Wednesday, January 12, 2011

Going home — to Alberta

A Twillingate fisherman wrote the following letter in 2005, although it’s just as timely today. With a provincial general election set for October and a federal election likely to be held this year (rumour has it an election may be forced within weeks), the future of the NL fisheries must be brought front and centre.

A young friend of ours dropped by one day last summer, quite unexpectedly, just as we were having dinner.

Having grown up next door in a Newfoundland outport, and being the same age as our son, he became an accepted part of our family, so it was no surprise that he just pulled back a chair and joined in, as if it were yesterday.

Fact is, Jack has been working in Alberta for a decade. He started by earning his tractor-trailer license and has since started his own business in Grand Prairie, bought a mobile home, married, and started a family.

It was good to see him and to know that he appeared to have his life on track, knowing the many pitfalls and temptations that confront youth today.

As he was leaving, he said something that has haunted me since.

“I’m going home next week,” he said, “so I’ll see you again before I leave.”

“Going home,” I thought, “to Alberta!”

That one simple sentence evokes such a maelstrom of emotions that I struggle with where to start.

On one hand, I feel privileged to have been among the last generation of youth with a childhood so inexorably linked to the little outport harbour, that no matter where one moved or lived there was only one place in the world worthy of that sacred word — home.

For us, home was our whole community: the woods where we cut our bonfire boughs and set our rabbit slips; the ponds where we swam in summer and skated until dark in winter, when the thought of lamb chops smothered in gravy hurried us along, our feet icy in frozen boots; and the ocean where we set out lobster traps after school on nice spring evenings and rushed back, not to miss the evening cod-trap haul.

The house was just a place for gulping down meals; there was much more to do in your outport home.

That great love for outport Newfoundland (immortalized in song and in such worn phrases as, “You can take the boy from the bay, but you can’t take the bay from the boy”) was a product of an idyllic life of adventure, freedom and companionship seldom found, and the reason why Newfoundlanders have always found an interesting tug at the heart strings to return home.

Sadly, that will end because the conditions that produced the emotional attachment no longer exist.

We can blame government for allowing technology and corporate greed to vacuum our oceans and siphon the lifeblood of outport Newfoundland.

We can see ourselves as the victims of cultural genocide by a succession of federal regimes that have considered our resources bargaining tools for the benefit of central Canada.

Or, we can blame ourselves for baring our flesh to the whips of those in authority — from fish merchants to politicians — more concerned with careers than constituents.

I prefer the latter because in spite of all the five-gallon plastic buckets on the chimneys of rural Newfoundland, and in spite of all the heartache associated with the loss of a way of life, our behaviour has not changed.

We are still doing an excellent job of educating our best and brightest youth to turn the wheels of industry, build their homes, raise their families, and pay their taxes in other provinces.

We give quotas as the property of fish companies and leave communities at the mercy of corporations.

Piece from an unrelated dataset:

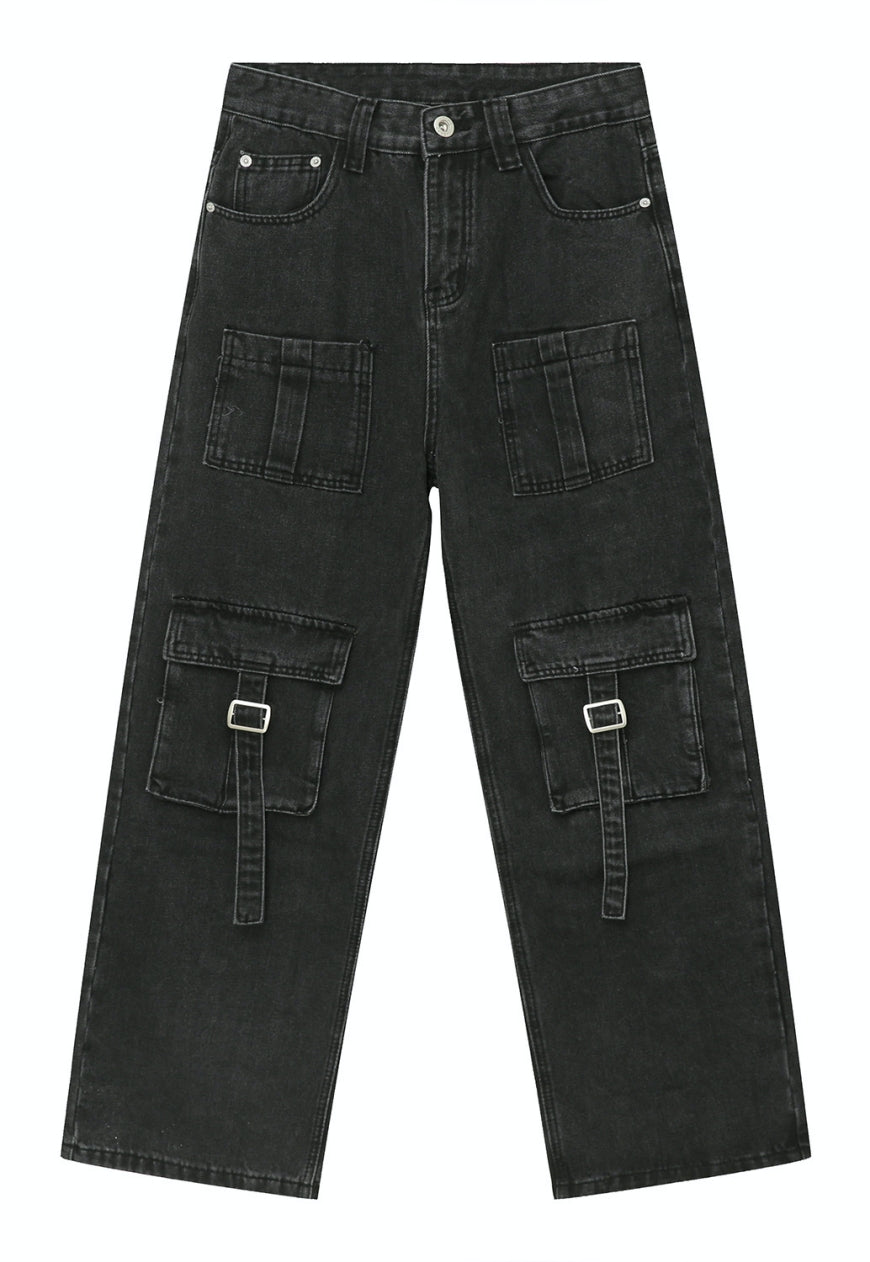 Unisex Cargo jeans with multi-pocket design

We talk about overcapacity in harvesting and processing as if a few large boats selling to two or three mega companies is a desirable goal, when in actual fact such a policy, perhaps already irreversible, will be the final blow that leaves rural Newfoundland gasping its final breath.

One of rural Newfoundland’s biggest problems is that those who chose to live elsewhere, and don’t have a sound connection to the land or the culture but nonetheless know what’s best, make decisions affecting the lives of the people.

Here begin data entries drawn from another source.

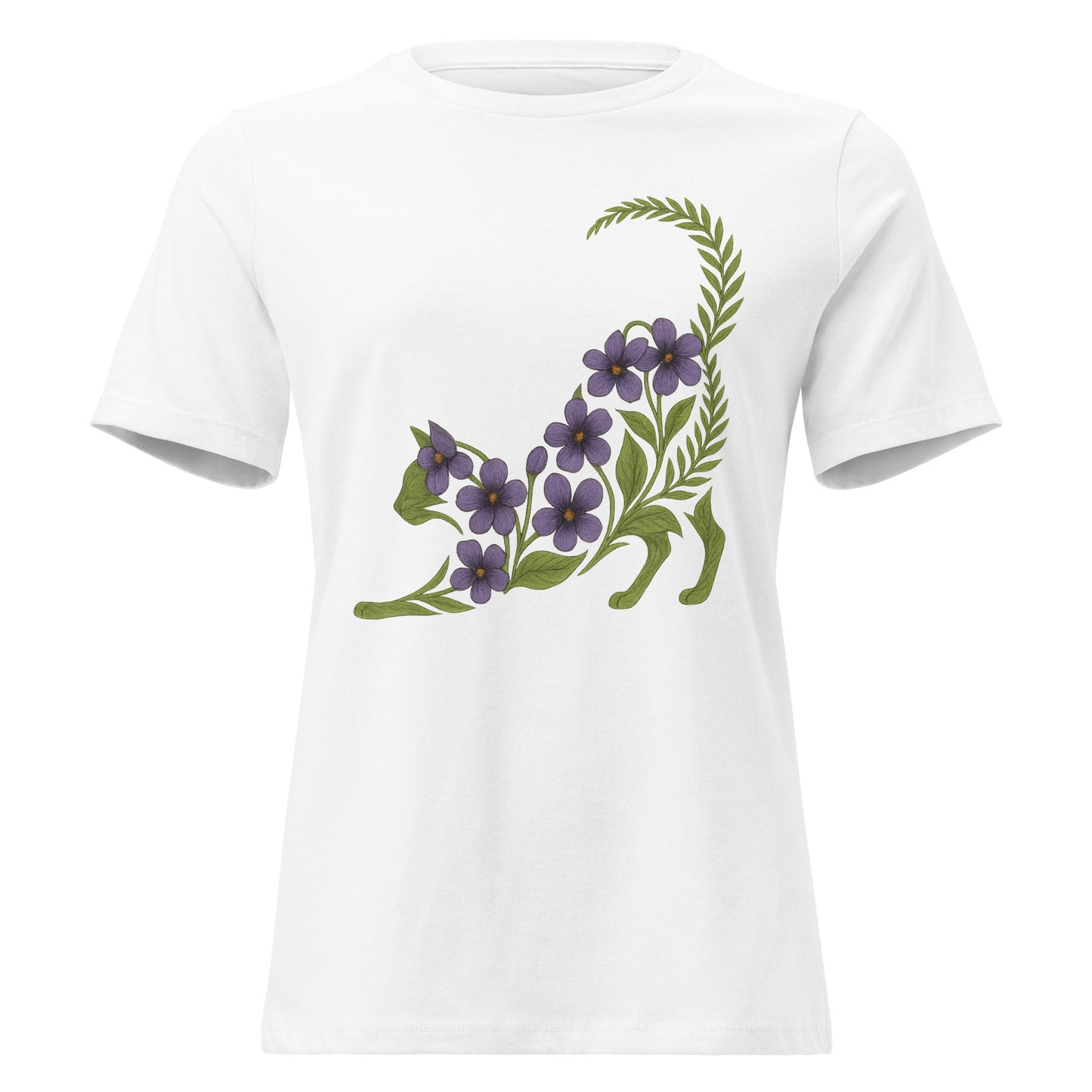 Violet & Fern Stretching Cat Silhouette Botanical T-Shirt - Inken Image
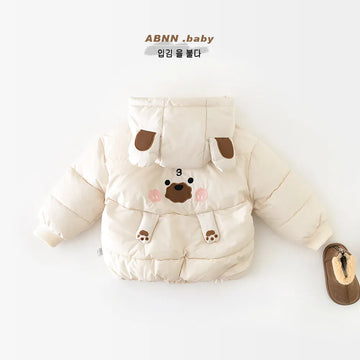 ショートコート・ジャケット・ジャンパー ベビーキッズアウター 耳付きフーディバックアップリケパデッドジャケットコート【mh0007848】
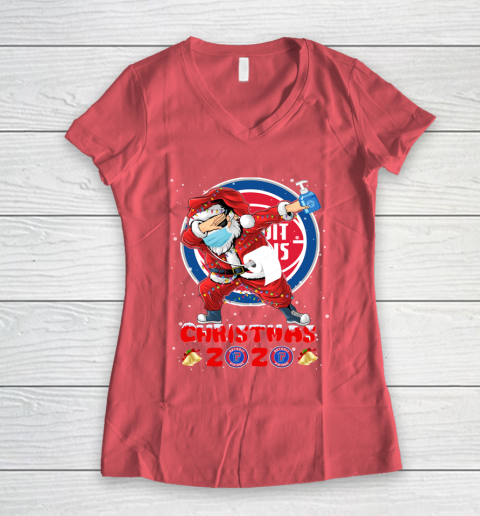 Detroit Pistons Funny Santa Claus Dabbing Christmas 2020 NBA Women's V-Neck T-Shirt 4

When the cod collapsed, people said we should have listened to the fishermen.

Just this year fishermen had to resort to desperate measures in an attempt to have their views heard. So what have we learned?

Maybe for some, Alberta has become more home than home itself.

Just think of the answer to this question: Where will you see more Newfoundlanders out enjoying themselves among Newfoundland friends, money in their pockets, on a Saturday night — Fort McMurray, Alberta or the community hall in Dildo Run?

Personally, I am presently restoring the old family house in my little hometown of Tizzard’s Harbour on New World Island.

Most of the people I grew up with have moved or passed away, and as I work in the tranquility of the most beautiful harbour in the world, I throw this question out to the world: What’s the answer?


Terry Miller said...

It's hard to say home is anywhere else when the outline of the Rock is stamped on my heart. Like many others I would love to see a time when conditions at home were of properity to help me raise my family, when the future was not just a guessing game of will anyone have a job tomorrow, when "gettin me stamps" isn.t the only way to survive.Hmmmm?
Maybe home isn't that far away!

Anonymous said...

Ryan, what level of government do you think it was that essentially ended the feudal state of Newfoundland's merchant class in the middle of the last century?

Which level of government made it possible (rightly or wrongly) to earn an income between fishing seasons?

Nobody disputes the impact of technology, greed and poor regulation on the state of our stocks and our industry.

But you can't write a history of our fishery and simply skip the chapters that don't agree with your conspiracy theories.